*** Opening of The data ***
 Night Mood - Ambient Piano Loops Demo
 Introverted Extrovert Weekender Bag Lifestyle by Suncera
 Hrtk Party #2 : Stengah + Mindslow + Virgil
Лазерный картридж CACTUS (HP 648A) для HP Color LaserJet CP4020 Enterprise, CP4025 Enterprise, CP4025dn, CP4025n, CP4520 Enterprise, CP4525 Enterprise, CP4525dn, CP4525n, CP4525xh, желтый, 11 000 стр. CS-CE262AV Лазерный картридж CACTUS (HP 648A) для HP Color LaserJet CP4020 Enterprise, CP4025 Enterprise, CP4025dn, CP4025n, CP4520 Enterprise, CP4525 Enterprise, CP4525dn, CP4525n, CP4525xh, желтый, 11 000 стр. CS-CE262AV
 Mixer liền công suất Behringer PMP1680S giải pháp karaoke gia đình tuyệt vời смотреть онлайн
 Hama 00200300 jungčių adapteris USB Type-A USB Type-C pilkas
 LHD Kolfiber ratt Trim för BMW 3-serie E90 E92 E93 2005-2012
*** Close of The data ***
*** Opening of The data ***
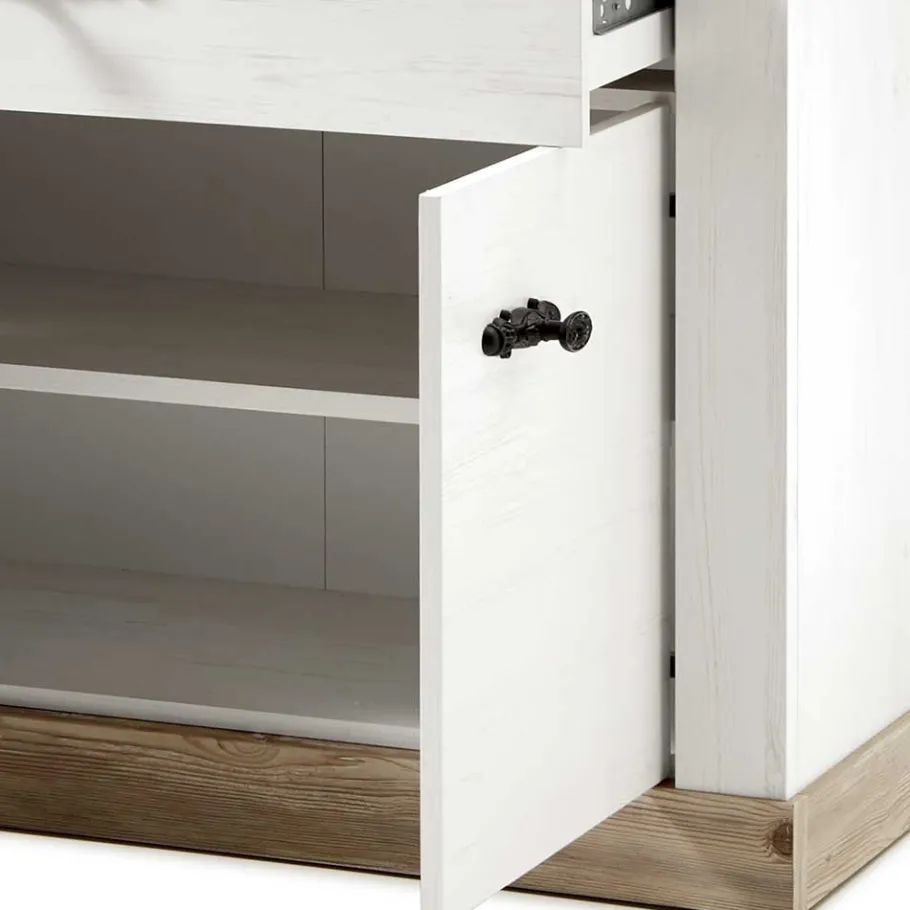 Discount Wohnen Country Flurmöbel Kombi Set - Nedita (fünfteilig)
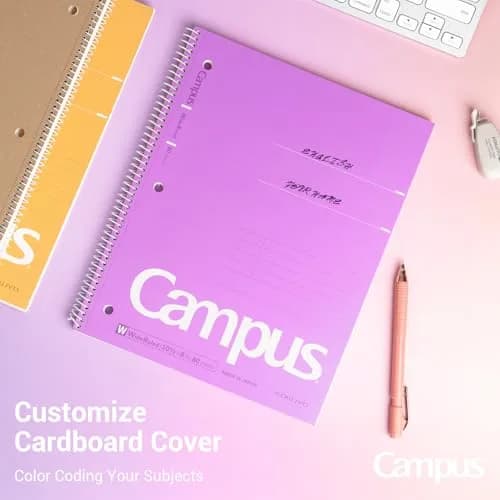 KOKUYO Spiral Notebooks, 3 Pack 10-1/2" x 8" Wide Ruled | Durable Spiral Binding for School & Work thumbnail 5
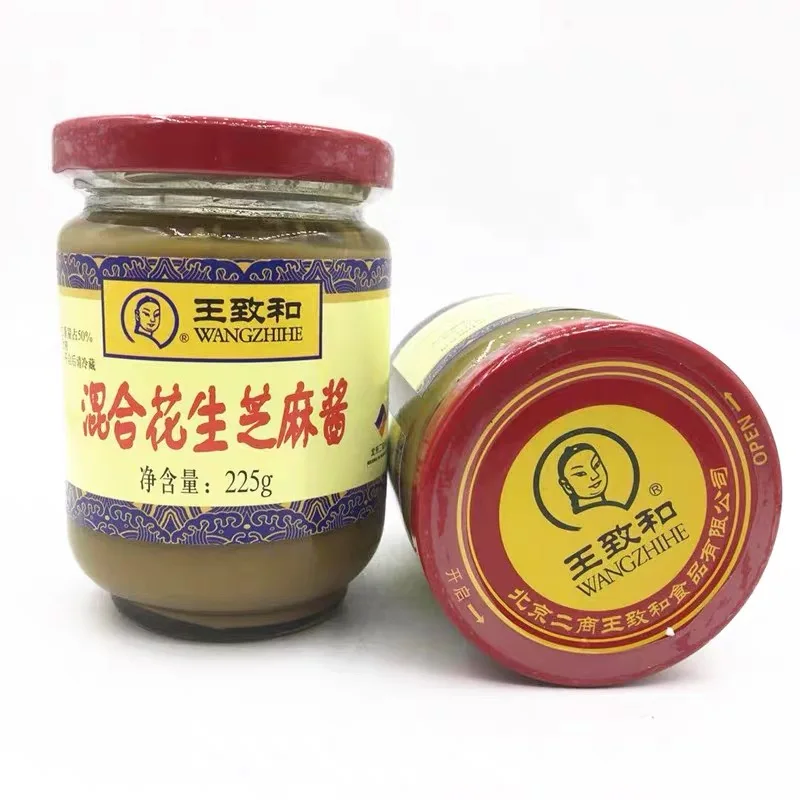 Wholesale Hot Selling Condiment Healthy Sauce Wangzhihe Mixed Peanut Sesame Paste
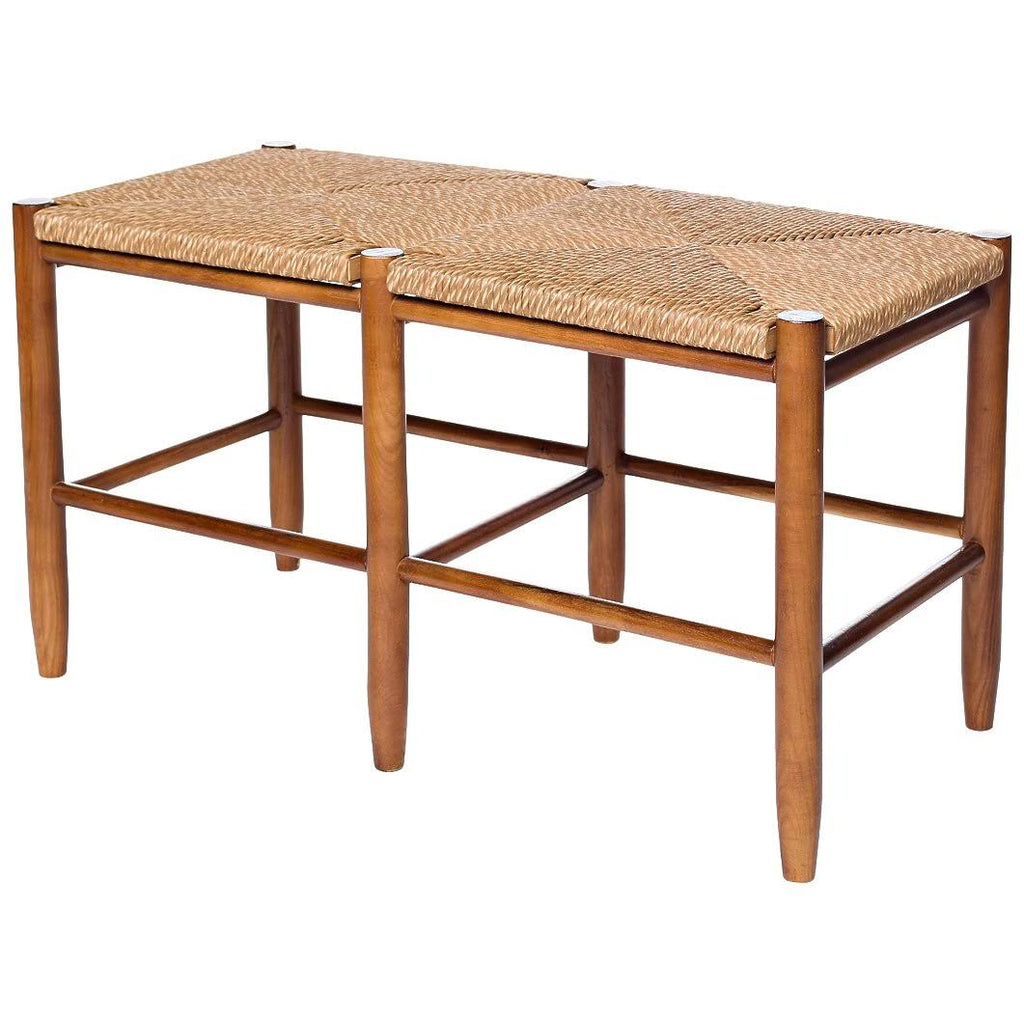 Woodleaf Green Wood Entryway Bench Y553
*** Close of The data ***
*** Opening of The data ***
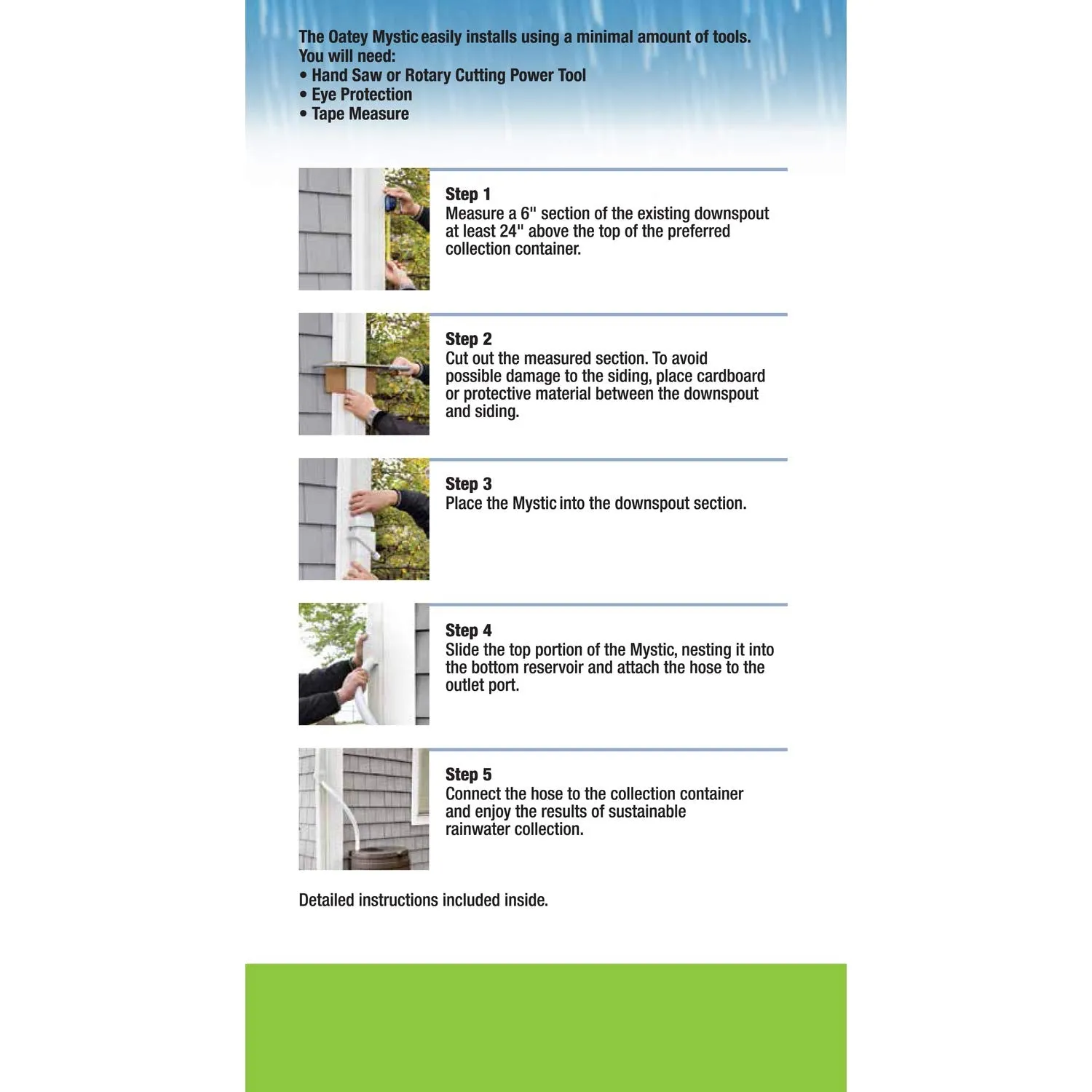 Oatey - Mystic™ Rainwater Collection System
*** Close of The data ***
- What to produce -
Each line in the listing above from the one containing "Introverted Extrovert Weekender" through the one containing "LHD Kolfiber ratt" should be repeated exactly, and no other line.

- Exercise result -
 Introverted Extrovert Weekender Bag Lifestyle by Suncera
 Hrtk Party #2 : Stengah + Mindslow + Virgil
Лазерный картридж CACTUS (HP 648A) для HP Color LaserJet CP4020 Enterprise, CP4025 Enterprise, CP4025dn, CP4025n, CP4520 Enterprise, CP4525 Enterprise, CP4525dn, CP4525n, CP4525xh, желтый, 11 000 стр. CS-CE262AV Лазерный картридж CACTUS (HP 648A) для HP Color LaserJet CP4020 Enterprise, CP4025 Enterprise, CP4025dn, CP4025n, CP4520 Enterprise, CP4525 Enterprise, CP4525dn, CP4525n, CP4525xh, желтый, 11 000 стр. CS-CE262AV
 Mixer liền công suất Behringer PMP1680S giải pháp karaoke gia đình tuyệt vời смотреть онлайн
 Hama 00200300 jungčių adapteris USB Type-A USB Type-C pilkas
 LHD Kolfiber ratt Trim för BMW 3-serie E90 E92 E93 2005-2012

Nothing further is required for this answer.